6 Habits That Help You Improve Calcium Assimilation

Calcium is one of the most important minerals for health and, in fact, it is the most abundant in the body. Provides density and strength to  bones and teeth, where it is found in greatest quantity.

To a lesser extent, it also acts on  vasoconstrictor and nervous system functions, and participates in various vital processes.

It is known to act on the heart rate, blood clotting, and the ability of muscles to contract and relax.

However,  sometimes their availability is limited and it can be difficult to absorb the correct amounts. As a consequence, health problems are triggered that, if not controlled, can decrease the quality of life.

Fortunately, there are natural methods that help improve the assimilation of calcium, and control its deficiency before it generates major complications.

1. Increase calcium intake

To improve the assimilation of calcium, we can take products rich in this mineral

To ensure a good assimilation of calcium, it is essential to increase the consumption of foods that contain it.

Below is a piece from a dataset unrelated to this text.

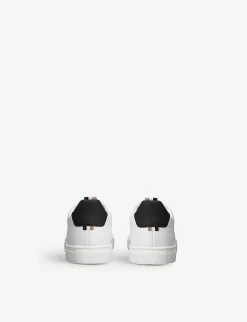 Boss Logo-print Leather Low-top Trainers 9-12 Years -Boutique Fashionable Childrens Clothing Store R04183617 WHITE ALT03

Although the amount varies based on gender, age and height, an adequate intake is generally considered to be 1000 mg per day. It can increase up to 1200 mg in pregnant women or the elderly.

Some of its natural sources are:

  • Dairy products
  • Broccoli
  • Eggs
  • Fish
  • Soy and its derivatives
  • Garbanzo beans

2. Guarantees good absorption of vitamin D

Vitamin D deficiency is one of the factors that influences the loss of calcium throughout the body.

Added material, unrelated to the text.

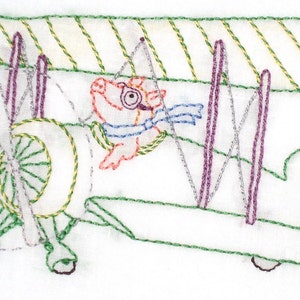 Flying Pig in Biplane Hand Embroidery Pattern PDF stitching instructions included image 1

This essential nutrient, obtained from exposure to the sun, favors the assimilation of calcium in the intestine,  and facilitates its synthesis and use.

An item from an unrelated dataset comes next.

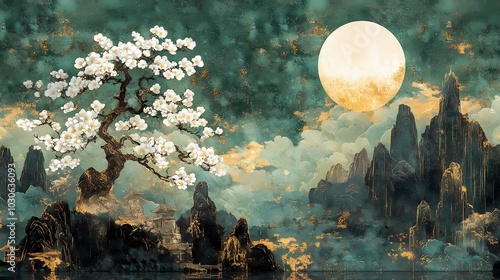 Landscape Chinese Painting Style Mural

Vitamin D is also found in foods such as:

  • Fish oils
  • Eggs
  • Sardines
  • Salmon
  • Raw milk
  • Mushrooms

3. Limit your fat intake

To improve calcium assimilation, fat intake should be limited

Diets rich in fat are one of the factors that limit the assimilation of calcium in the body.

It is useless to increase foods rich in calcium, if other foods are consumed that reduce its absorption.

4. Eat protein in a balanced way

Proteins are one of the basic macronutrients that our body needs. However, a high protein intake  can be counterproductive.

Maintaining a high protein diet can affect calcium assimilation, as it can increase your urinary excretion by 50%.

Try to get them from foods like:

  • Vegetables
  • Chicken
  • Turkey
  • Fatty fish
  • Nuts
  • Plain yogurt

5. Check the way you cook your food

The way food is cooked affects the assimilation of calcium

Are you choosing a good cooking method for food? The way you cook has a lot to do with how easy or difficult it is for the body to assimilate calcium.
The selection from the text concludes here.